Questa articolazione della spesa militare, oltre che porre problemi giuridici sulle competenze in merito della Commissione, merita qualche considerazione quanto alla dimensione europea dell’operazione e sugli squilibri indotti tra le difese nazionali. Supposto che siano necessarie queste dimensioni finanziarie per il riarmo, queste saranno diverse a seconda delle capacità fiscali dei singoli Paesi: di alcuni minori, ma con frontiere a più temuto rischio, spinte a squilibrare i bilanci nazionali e di quelli più importanti, come la Polonia e la Germania, che possono permettersi di annunciare con Merz che nel 2030 avranno il più forte esercito d’Europa, magari non solo di volontari.
In altre parole, in un’Unione Europea priva di una politica fiscale condivisa e senza uno straccio di politica estera e di difesa comune il rafforzamento militare creerà ulteriori divaricazioni non solo economiche, ma anche politiche, tra i Paesi membri UE aggravandone la già precaria coesione sociale.
2. ORGANIZZARE LA PACE
(Per non limitarci ad invocare la pace)
Dopo aver ricordato alcuni dati utili per delineare un perimetro del riarmo in corso nell’Unione Europea si tratta adesso di cercare una risposta a come “organizzare la pace” in tale contesto.
Realisticamente con una “politica di riduzione del danno”: cominciando dai danni già fatti nel tempo con obiettivo di evitarne in futuro.
Una strada da imboccare subito, senza rinunciare a raggiungere “una pace futura, giusta e duratura” , e non solo in Europa, potrebbe essere quella di una “politica di riduzione del dan no”: ricordando i molti danni già fatti alla pace nel tempo con l’obiettivo di evitarne altri in futuro.
La lista dei danni fatti alla pace è lunga: dalle guerre permanenti in Europa alla corsa costante agli armamenti, in particolare nucleari; dalla incapacità europea di dotarsi nel 1954 di una Comunità europea della difesa, per non essere vassalla della NATO all’errore di cedere il passo alla NATO nelle dinamiche dell’allargamento verso est (adesione alla NATO nel 1999 di Polonia, Repubblica ceca e Ungheria) fino a Programmi di sostegno militare all’Ucraina senza una compiuta responsabilità in materia di politica estera e di difesa comune.

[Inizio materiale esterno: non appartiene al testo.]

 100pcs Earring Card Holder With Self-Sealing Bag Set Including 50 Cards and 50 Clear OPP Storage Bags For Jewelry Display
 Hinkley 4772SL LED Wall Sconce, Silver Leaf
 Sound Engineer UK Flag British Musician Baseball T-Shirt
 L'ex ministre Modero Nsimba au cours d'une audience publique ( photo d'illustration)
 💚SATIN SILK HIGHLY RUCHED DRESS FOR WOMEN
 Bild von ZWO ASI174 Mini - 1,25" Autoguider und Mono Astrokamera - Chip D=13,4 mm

E questo è uno dei problemi per organizzare la pace: se la protezione europea va rafforzata, dopo decenni di delega di questa responsabilità alla NATO, in realtà al suo azionista di maggioranza gli USA, questo non può avvenire senza una “difesa federale” in un’Unione federale, oggi ancora molto lontana e difficile da costruire in questa stagione di nazionalismi prevalenti, non solo in Europa.
Per non limitarci a piangere sul latte versato cerchiamo adesso di evitare danni futuri, consapevoli che la politica è l’arte del possibile che l’etica deve spingere verso il coraggio dell’impossibile. Cominciando con una valutazione realista dei rischi che corriamo per valutare la proporzionalità della deterrenza necessaria per garantire sicurezza, senza alimentare paure e scadenze apocalittiche, utili soprattutto per foraggiare l’industria delle armi, intesa come leva miracolosa di sviluppo economico. Vale per il contenimento degli armamenti tradizionali, ma vale anche per una crescente mobilitazione in favore del controllo e della riduzione delle armi nucleari, mentre ne sta aumentando la produzione e i Paesi UE restano prigionieri dei vincoli della NATO in materia.

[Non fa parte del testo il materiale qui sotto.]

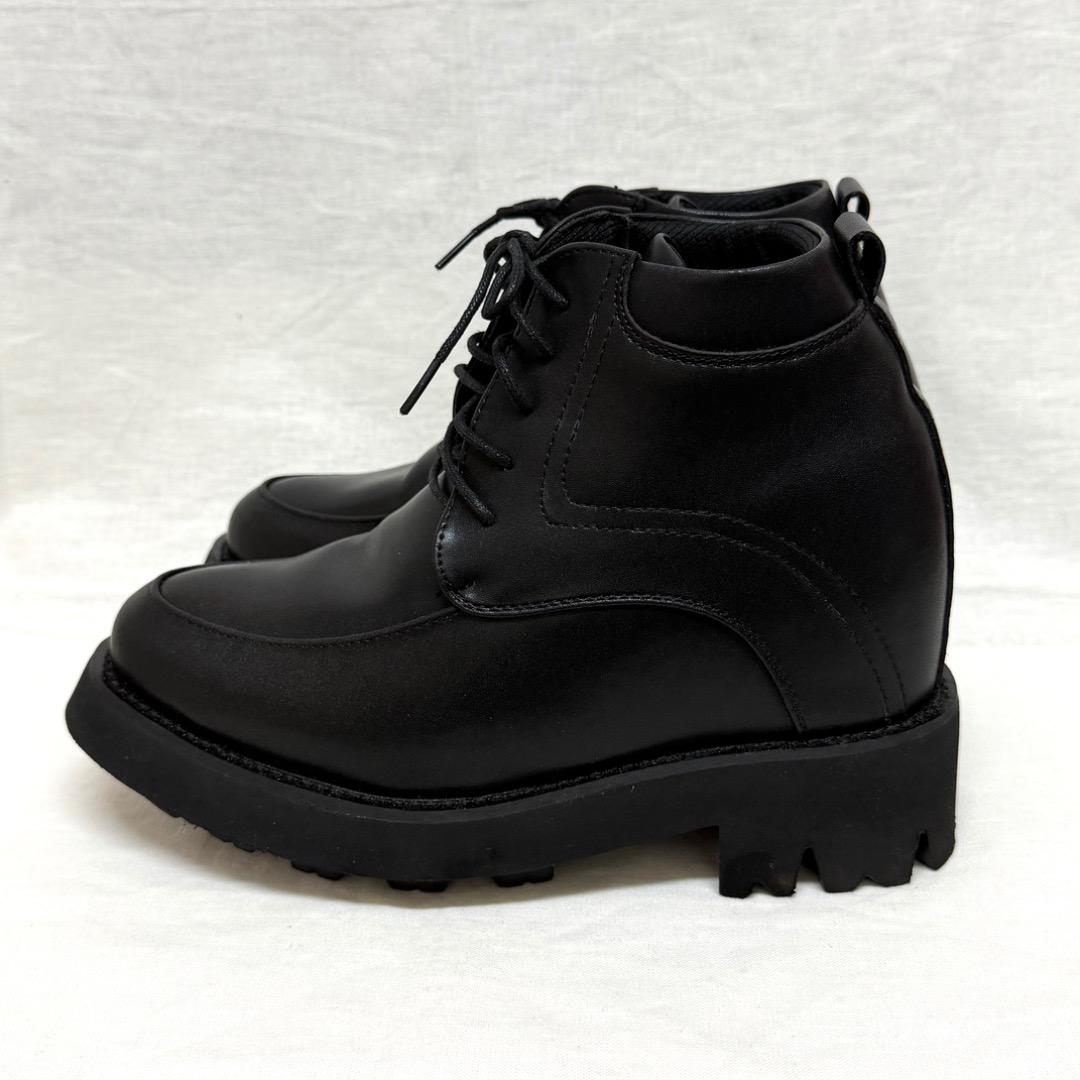 シークレットシューズ コスプレ 革靴 黒 15cm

E per evitare danni futuri sulla coesione sociale dell’UE, se sulla protezione europea è necessario investire, questa non può essere limitata alle frontiere esterne, ma deve anche farsi carico della protezione quotidiana dei suoi cittadini all’interno dell’Unione. Difesa europea e welfare europeo non possono essere disgiunti, con il secondo che paga le spese del primi, ma anche su questo versante l’Unione non dispone di poteri reali, se non di indirizzo, rimanendo il welfare di stretta competenza nazionale con le conseguenze che non è difficile immaginare.

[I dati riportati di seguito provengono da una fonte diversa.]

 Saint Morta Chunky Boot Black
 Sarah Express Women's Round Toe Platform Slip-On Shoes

Ed è qui che va trovata la vera risposta a come “organizzare la pace”, declinando insieme pace e giustizia: i prezzi da pagare per costruire la pace non devono essere pagati dalla decostruzione della giustizia, non solo del diritto internazionale, il Terzo assente di Bobbio, allegramente calpestato da molti (comprese mitiche democrazie) ma anche dei diritti fondamentali delle persone per una vita dignitosa, calpestata dalle povertà crescenti nella nostra casa comune con restrizioni della libertà, quella di cui avvalerci nel confronto su tema pace e guerra e difenderla da rischi futuri.
Questo ci porta a due ultime considerazioni sul ruolo decisivo della democrazia per organizzare la pace, riprendendo l’insegnamento di Norberto Bobbio, sulla scia de “La pace perpetua” di Kant, senza dimenticare due tra i Padri fondatori dell’Unione Europea, Altiero Spinelli e il nostro Luigi Einaudi.
La democrazia è pilastro fondamentale per la pace all’interno di ciascun Stato, dove il tema pace e guerra va affrontato con trasparenza e civile confronto, non occultando dati sui reali costi, diretti ed indiretti, della spesa militare e sulla sua destinazione, per consentire la formazione di un argomentato consenso tra i cittadini sulle politiche da intraprendere. Questo nella convinzione che dove c’è reale democrazia c’è meno spazio per le guerre.
Democrazia che è anche un pilastro fondamentale per pacifiche relazioni tra gli Stati, a cominciare da questa Unione Europea descritta da Bobbio come una “democrazia tra le nazioni”, ma oggi indebolita da populismi e sovranismi che hanno dimenticato la messa in guardia di Einaudi sul “mito funesto della sovranità nazionale”, all’origine delle guerre.
Vale anche oggi più che mai per l’Unione Europea il richiamo dell’art. 11 della Costituzione italiana che non si limita al ripudio della guerra, ma nella sua seconda parte chiede alla Repubblica di consentire “alle limitazioni di sovranità necessarie ad un ordinamento che assicuri la pace e la giustizia tra le nazioni”.
Purtroppo, a ben guardare, lo abbiamo fatto troppo con la NATO e ancora troppo poco con l’Unione Europea, dimenticando il monito di Maurice Schuman nella sua Dichiarazione del 1950: “Non abbiamo fatto l’Europa, abbiamo avuto la guerra”.